Input for this task section start
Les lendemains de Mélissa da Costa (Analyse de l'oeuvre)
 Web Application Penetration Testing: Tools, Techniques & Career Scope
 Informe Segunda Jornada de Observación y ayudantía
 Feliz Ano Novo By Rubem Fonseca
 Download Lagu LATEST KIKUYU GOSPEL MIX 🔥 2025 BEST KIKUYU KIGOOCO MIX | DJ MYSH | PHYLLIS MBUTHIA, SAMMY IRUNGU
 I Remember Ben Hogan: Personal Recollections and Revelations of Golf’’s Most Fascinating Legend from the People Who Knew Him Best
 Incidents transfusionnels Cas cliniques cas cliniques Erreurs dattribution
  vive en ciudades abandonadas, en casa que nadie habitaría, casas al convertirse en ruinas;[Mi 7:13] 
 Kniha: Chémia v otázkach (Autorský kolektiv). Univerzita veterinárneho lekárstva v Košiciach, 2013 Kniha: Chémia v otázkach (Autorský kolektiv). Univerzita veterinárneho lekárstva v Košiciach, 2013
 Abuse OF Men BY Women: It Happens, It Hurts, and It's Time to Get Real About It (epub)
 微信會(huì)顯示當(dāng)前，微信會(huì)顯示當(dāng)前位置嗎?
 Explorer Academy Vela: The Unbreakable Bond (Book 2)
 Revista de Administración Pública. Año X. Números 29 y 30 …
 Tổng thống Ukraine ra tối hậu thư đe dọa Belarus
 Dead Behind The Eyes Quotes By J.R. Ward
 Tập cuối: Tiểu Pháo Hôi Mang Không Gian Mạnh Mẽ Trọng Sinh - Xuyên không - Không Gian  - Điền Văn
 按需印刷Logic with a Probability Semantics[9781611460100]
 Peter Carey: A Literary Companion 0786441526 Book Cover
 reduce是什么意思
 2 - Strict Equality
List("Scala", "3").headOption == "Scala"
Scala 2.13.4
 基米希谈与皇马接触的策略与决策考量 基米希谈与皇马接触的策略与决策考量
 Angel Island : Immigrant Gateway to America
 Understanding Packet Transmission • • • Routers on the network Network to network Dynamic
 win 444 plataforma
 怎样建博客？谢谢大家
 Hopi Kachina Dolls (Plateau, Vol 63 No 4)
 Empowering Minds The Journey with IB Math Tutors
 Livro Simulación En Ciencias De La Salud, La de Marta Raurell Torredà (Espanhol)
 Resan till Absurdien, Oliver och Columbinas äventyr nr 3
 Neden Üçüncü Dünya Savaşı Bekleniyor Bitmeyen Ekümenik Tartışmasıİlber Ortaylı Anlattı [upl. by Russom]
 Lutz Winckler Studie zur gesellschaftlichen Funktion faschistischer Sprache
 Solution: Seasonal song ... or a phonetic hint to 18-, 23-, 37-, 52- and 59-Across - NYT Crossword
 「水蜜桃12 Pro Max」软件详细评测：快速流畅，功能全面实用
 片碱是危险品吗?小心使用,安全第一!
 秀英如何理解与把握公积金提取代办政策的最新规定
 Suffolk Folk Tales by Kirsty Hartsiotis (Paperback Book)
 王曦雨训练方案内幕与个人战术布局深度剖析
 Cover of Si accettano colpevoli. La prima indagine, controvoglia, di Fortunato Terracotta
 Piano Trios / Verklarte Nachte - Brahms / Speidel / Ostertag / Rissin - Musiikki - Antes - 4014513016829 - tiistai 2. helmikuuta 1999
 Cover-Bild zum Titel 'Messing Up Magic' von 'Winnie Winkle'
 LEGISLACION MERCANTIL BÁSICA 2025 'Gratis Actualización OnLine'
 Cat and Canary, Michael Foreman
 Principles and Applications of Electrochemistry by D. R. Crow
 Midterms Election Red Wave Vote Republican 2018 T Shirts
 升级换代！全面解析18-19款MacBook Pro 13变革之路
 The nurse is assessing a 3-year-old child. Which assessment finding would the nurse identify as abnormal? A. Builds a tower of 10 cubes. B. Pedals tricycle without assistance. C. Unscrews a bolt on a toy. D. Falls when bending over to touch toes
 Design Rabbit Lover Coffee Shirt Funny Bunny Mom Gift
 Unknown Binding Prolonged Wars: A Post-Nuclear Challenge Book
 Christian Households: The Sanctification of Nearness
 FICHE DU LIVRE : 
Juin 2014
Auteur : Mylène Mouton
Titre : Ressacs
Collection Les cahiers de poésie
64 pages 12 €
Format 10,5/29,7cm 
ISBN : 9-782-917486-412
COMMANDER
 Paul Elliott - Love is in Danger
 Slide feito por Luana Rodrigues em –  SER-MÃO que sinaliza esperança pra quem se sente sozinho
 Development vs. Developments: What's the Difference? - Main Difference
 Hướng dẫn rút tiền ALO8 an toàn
Input for this task section end
◆ Problem requirements ◆
Which of the lines above contain "Cover"? Return them all.

◆ Task result ◆
 Peter Carey: A Literary Companion 0786441526 Book Cover
 Cover of Si accettano colpevoli. La prima indagine, controvoglia, di Fortunato Terracotta
 Cover-Bild zum Titel 'Messing Up Magic' von 'Winnie Winkle'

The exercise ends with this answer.